Thanks for the tip. You never know what you're going to pick up around here. But I still wonder if silicon oil picks up less dust than WD-40. It probably sticks around longer though.

 

[Martimus]

That's true, but then I guess the next question is how flat is flat. I don't know the answer to that one, but I would guess that to get surfaces flat enough that they do better without TIM (properly applied) you would probably wouldn't be lapping by hand.

They would need to be identical to have the best conductivity. So if one was concave, the other would need to be convex at the same proportions that the first is concave. The whole point is to have the heat transfer from the heat spreader to the heat sink, so you would want as much surface area touching each other as possible. The best way of doing it would be to manufacture the Heatsink onto the chip, instead of using a user interface at all. That way you could reduce the possibility of error. I was just trying ot say that the group may have had better results if they had used no thermal paste on the highly polished part than with thermal paste. Of course, when you do polish things like that by hand, you are likely to make the part convex, which would reduce its effectiveness. The tiny imperfections caused by using a lower grit sandpaper would help offset that tendency, so that may be what caused their issues.

 

[DerwenArtos12]

Originally posted by: PolymerTim

Originally posted by: Martimus

Originally posted by: CitizenSnips

Originally posted by: Martimus
If the two surfaces are completely flat (The heat spreader and heatsink), then it would be best not ot use thermal compound at all. Any TIM that they applied would actually make theheat conduct worse than the actual metal would, since there should be no trapped air between the two. The TIM is only used to displace poor thermally conducting matter (in this case air) with something that conducts better. TIM still conducts heat worse than the heatsink and heatspreader, so it would really just get in the way in that example, as there is no air for it to displace.

I'm not experienced with this stuff at all, but everything I've read about it has said the whole point of thermal compound is to fill in the small gaps and imperfections that you can't see between the CPU and heat spreader.

Yeah, but a highly polished and flat Heatsink and Heatspreader wouldn't have many airgaps; unseen or otherwise. Although, under heat they may warp differently if they are not the same material. I know that I have used heatsinks in the past without using any thermal paste, and the temperatures stayed pretty low. On the other hand, when I have added too much thermal paste, the temperatures raised very quickly. This leads me to believe that using no thermal paste is much better than using too much (Which makes sense logically as well), so you should always err on the side of too little versus too much.

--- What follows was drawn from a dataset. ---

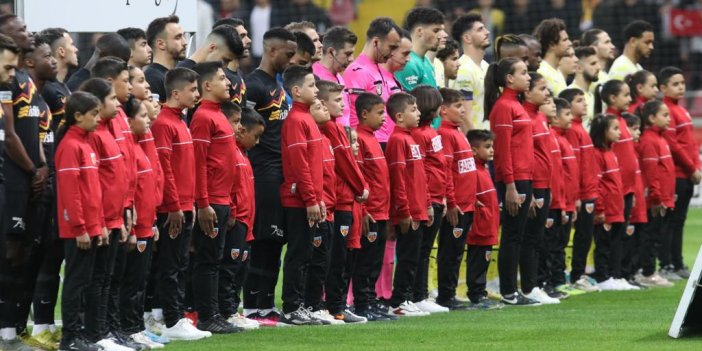 Depremzede çocuklar süper ligde moral buldu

That's true, but then I guess the next question is how flat is flat. I don't know the answer to that one, but I would guess that to get surfaces flat enough that they do better without TIM (properly applied) you would probably wouldn't be lapping by hand.

Originally posted by: DerwenArtos12
For locks you'll be much better off using a small squirt of a penetrating oil followded by a silicon lubricant. Should break the lock up just as well if not better and the silicon won't collect dust the way WD-40 does. Graphite is actually the best lubricant for door hinges.

Thanks for the tip. You never know what you're going to pick up around here. But I still wonder if silicon oil picks up less dust than WD-40. It probably sticks around longer though.

Not silicon oil, silicon oil has silicon suspended in oil and will attract and absorb dust and dirt, home depot I know for sure carries a "dry" silicon lubricant that won't attract or absorb any dust/dirt.